With the images removed, write out every line below exactly.

+ + + +

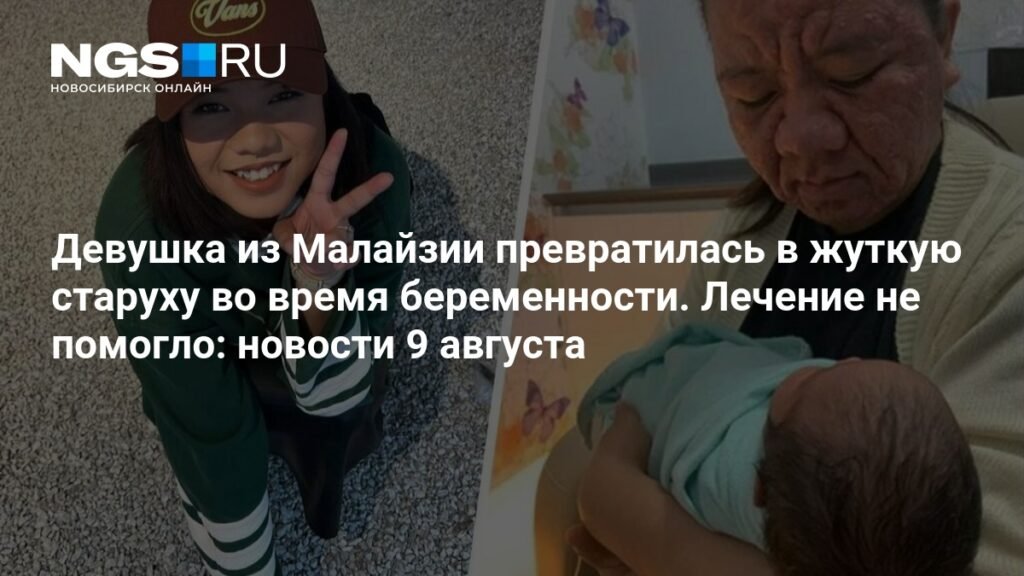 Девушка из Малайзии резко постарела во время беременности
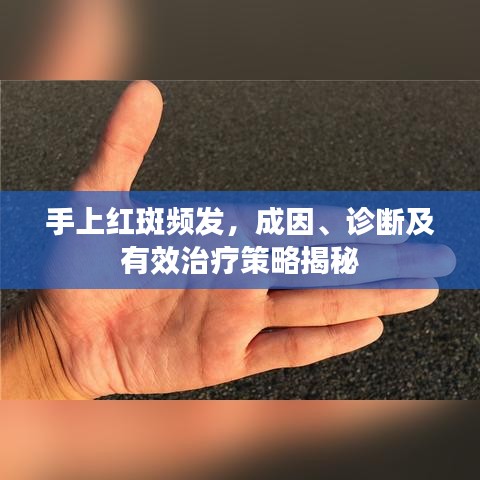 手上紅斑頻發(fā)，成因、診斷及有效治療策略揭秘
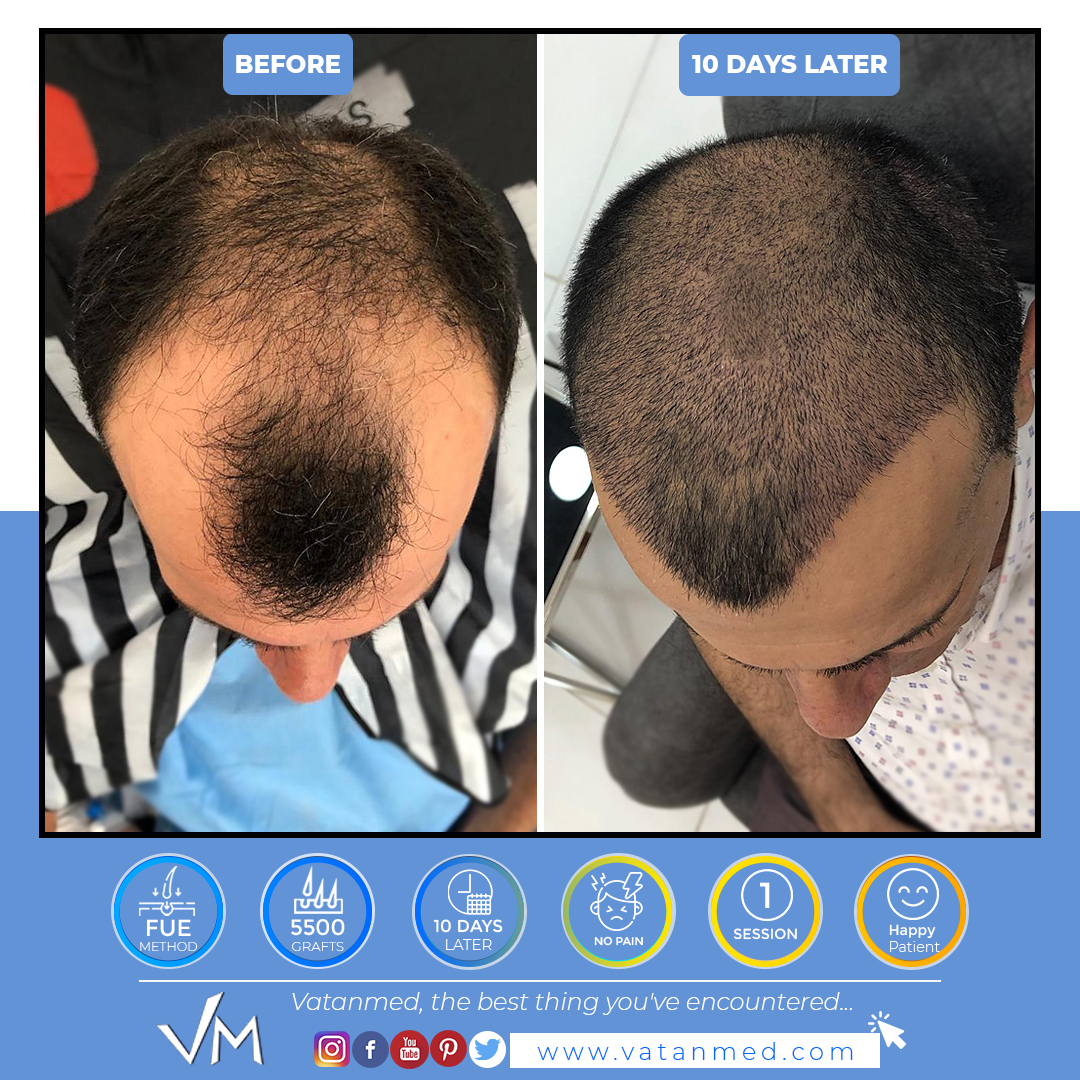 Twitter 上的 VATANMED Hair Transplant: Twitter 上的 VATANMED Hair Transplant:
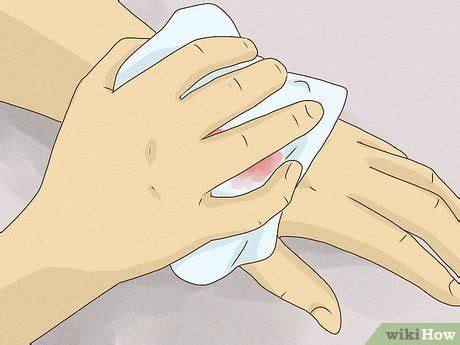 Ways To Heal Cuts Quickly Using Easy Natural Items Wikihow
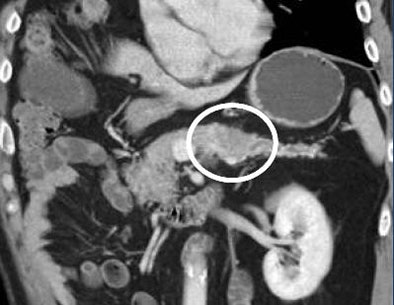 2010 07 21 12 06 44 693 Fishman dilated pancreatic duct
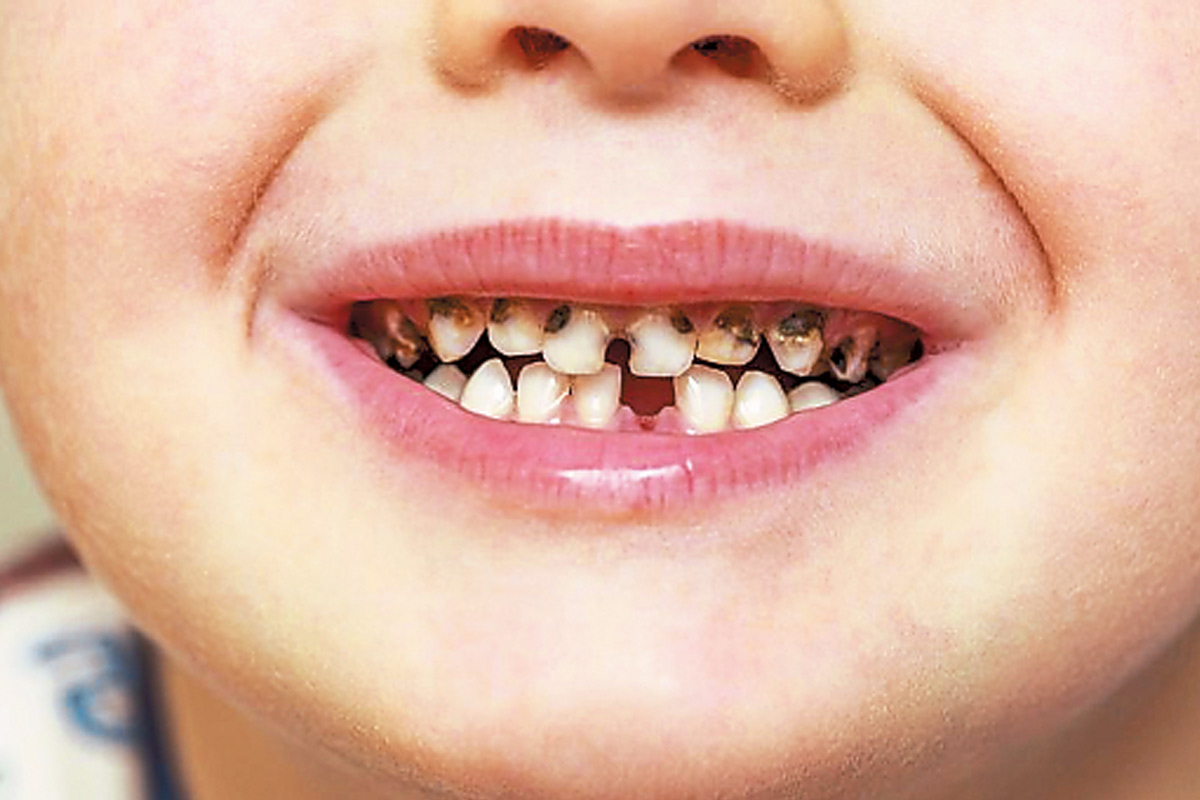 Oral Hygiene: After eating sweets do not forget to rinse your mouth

+ + + +

• ANSWER FOR THE TASK
 Девушка из Малайзии резко постарела во время беременности
 手上紅斑頻發(fā)，成因、診斷及有效治療策略揭秘
 Twitter 上的 VATANMED Hair Transplant: Twitter 上的 VATANMED Hair Transplant:
 Ways To Heal Cuts Quickly Using Easy Natural Items Wikihow
 2010 07 21 12 06 44 693 Fishman dilated pancreatic duct
 Oral Hygiene: After eating sweets do not forget to rinse your mouth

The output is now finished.